Pensei nisso. E pensei muito nisso. Fiquei um tempo exageradamente grande pensando nisso. Não é fácil pensar nisso quando se pensa seriamente nisso. Pensar nisso é pensar na morte, mas, pensar nisso, é, sobretudo, pensar na vida. E isso é muito difícil. Doloroso até.
Se os próximos 30 dias fossem os últimos da minha vida (e eu soubesse disso), eu iria agradecer a todas as pessoas que foram e são parte importante dos meus dias; eu iria dar os meus livros e cds e todas as coisas das quais eu mais gosto para as pessoas as quais eu mais gosto; eu queimaria as minhas calças e só usaria bermudas; eu diria a todas as pessoas com as quais me relaciono o que sinto por elas; eu compilaria em um único meio tudo o que, querendo escrever, eu escrevi em diversos lugares e deixaria para a minha mãe; eu faria uma fogueira com o meu computador e dançaria ao redor dela.

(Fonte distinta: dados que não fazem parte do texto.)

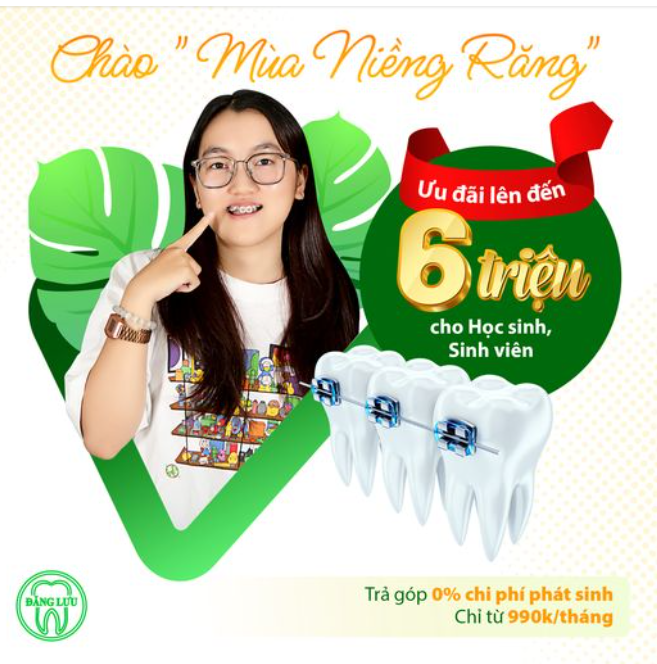Đón Hè Rực Rỡ Và Trở Lại Cực Cool Với Ưu Đãi Niềng Răng Lên Đến 6 Triệu Đồng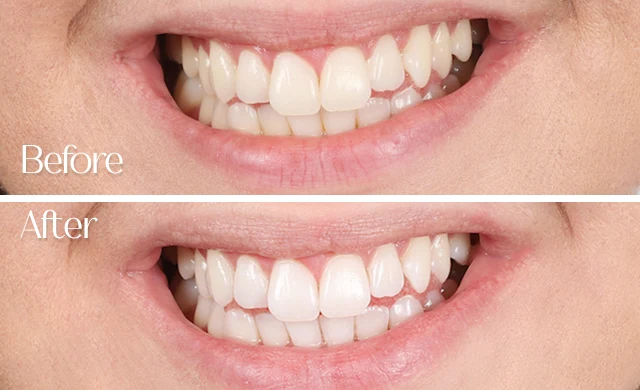 A teeth whitening tray designed for at-home whitening treatment.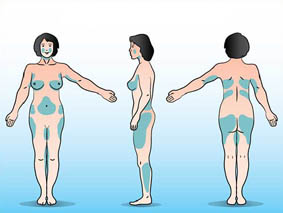 les zones du corps traitées par la liposuccion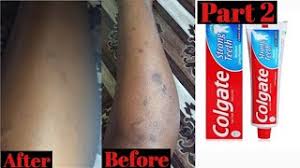 Do you find dark spots to be a dampener when you wish to wear an outfit that would help you flaunt your legs? How To Get Rid Of Spots On Legs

Se os próximos 30 dias fossem os últimos da minha vida, eu iria ao Sul da Bahia, ah..., certo que eu iria e levaria livros nas mãos; eu diria aos meus irmãos que, apesar de, às vezes, sentir vontade de matá-los, em qualquer momento, eu mataria por eles; eu subiria na minha moto e sairia por aí, pegaria a estrada e iria parar onde me desse na telha, andaria e conheceria lugares e conheceria pessoas e experimentaria sensações e sorriria e faria sorrir e choraria e faria chorar.

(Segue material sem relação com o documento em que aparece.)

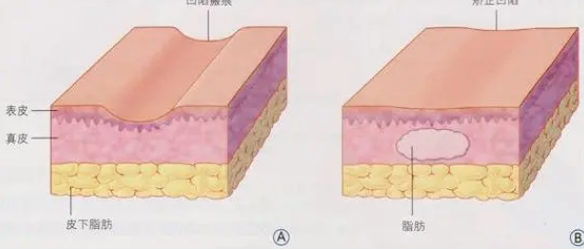 自体脂肪填充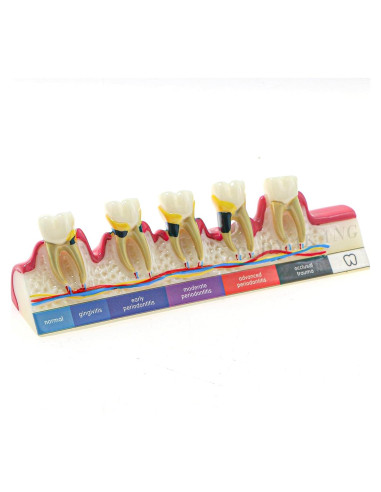 Modelo Dental Periodontal BLDYAKANG para Educación Oral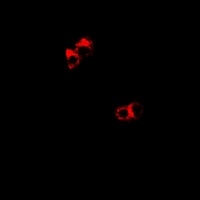 DDX1 Rabbit Polyclonal Antibody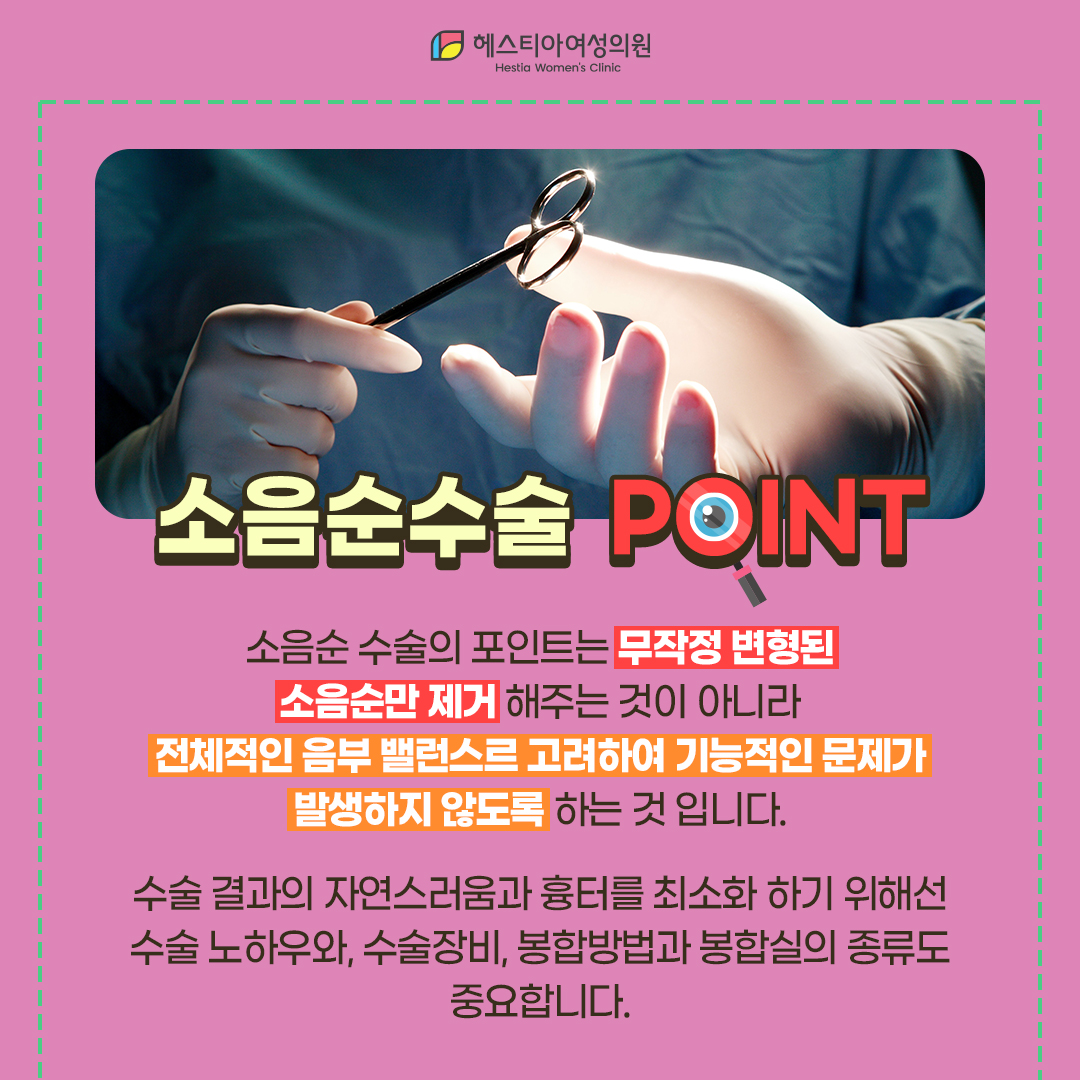 소음순수술포인트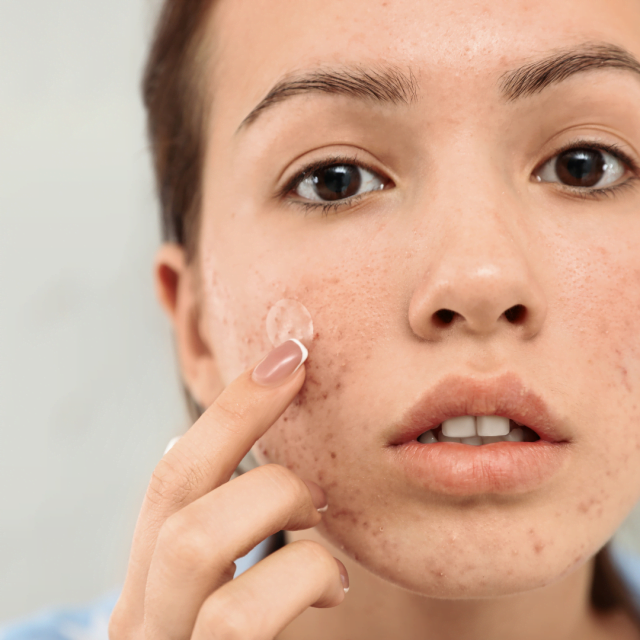 How long a laser burn take to heal?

Se os próximos 30 dias fossem os últimos da minha vida, eu tentaria vivê-los do modo mais humano, emocional e instintivo possível, despreocupado com as conveniências, despreocupado com a razão; eu saltaria de para-quedas, eu voaria de asa delta; eu me aproximaria de quem quero me aproximar (e iria aonde fosse preciso para isso).
Se os próximos 30 dias fossem os últimos da minha vida, eu destruiria todos os relógios; eu não me preocuparia nem um pouco com o tempo, eu faria o meu tempo passar lento quando eu assim quisesse e rápido quando tivesse vontade; eu ficaria a maior parte possível dos dias sem um teto sobre a minha cabeça, eu ficaria na rua, caminhando, olhando, falando, ouvindo.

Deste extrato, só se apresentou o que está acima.